OWL LAB at The Dybbuk - Undisciplining the Archive

Three of the OWL LAB fellows, David Lockard, Hadassa Goldvicht and Guy Dolev presented installations and performance in the frame of the international conference "The Dybbuk - Undisciplining the Archive", 25.4.2022.

About the works:

David Lockard

David Lockard "Kfar Shaul" (performing memory, drawing on charcoal) | The Garage Theater Foye | The OWL LAB - Objects, Words and Labyrinths. An Attempt to Get Lost in Performance Research (Department of Theater Studies, Hebrew University & Mamuta Art and Research Center In the frame of The Dybbuk - Undisciplining Archive [more soon]

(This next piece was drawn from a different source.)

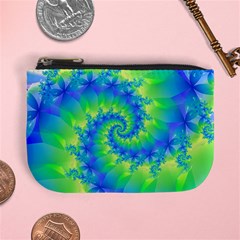 Colorful Blue and Green Spiral Fractal  Mini Coin Purse from ArtsNow.com Front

Visiting Kfar Shaul, one quickly senses that the place wasn’t originally built as a psychiatric hospital. The stone structures scattered over the hill that make up the complex are mostly residential, and clearly quite old. The hospital is surrounded by a wall. The original name of the place is not on the maps, and there is no sign telling of its history.

A person I love was hospitalized there for several months, and I visited her nearly daily during this period. Every day, when I got back home, I tried to draw a map of the place from memory. After a month I knew every window, every door, every staircase that was left. It has been three years since she was discharged. I have not been there since, and I have not looked at my maps. I am drawing the map for the first time since then.

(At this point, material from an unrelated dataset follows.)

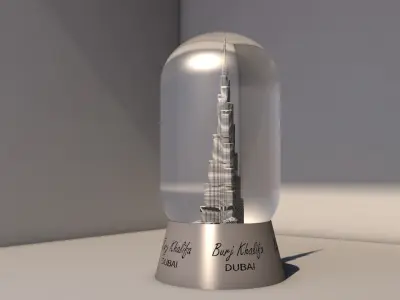 Souvenir Glass Bulb Burj Khalifa Low-poly 3D model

The Kfar Shaul Mental Health Center was opened in 1951, within repurposed homes and structures of the Palestinian village of Deir Yassin. Three years earlier, on April 9th 1948, Zionist paramilitary forces attacked and conquered the village. During the battle and its aftermath, some 100 Palestinians, a large number of whom were civilians, were killed in what is widely considered one of the worst massacres of the 1947-8 war.

My first image of the hospital, from my initial visit, is this: a man walking outside the fence has stopped to reach through it. He is trying to pick a fig off a tree that’s on the other side. He has difficulty reaching, but in the end manages to grab a fig. He inspects it carefully, and eats it slowly, like one does with fruit one has picked oneself. I wonder if it is tasty. It is August. The fig must be quite hot.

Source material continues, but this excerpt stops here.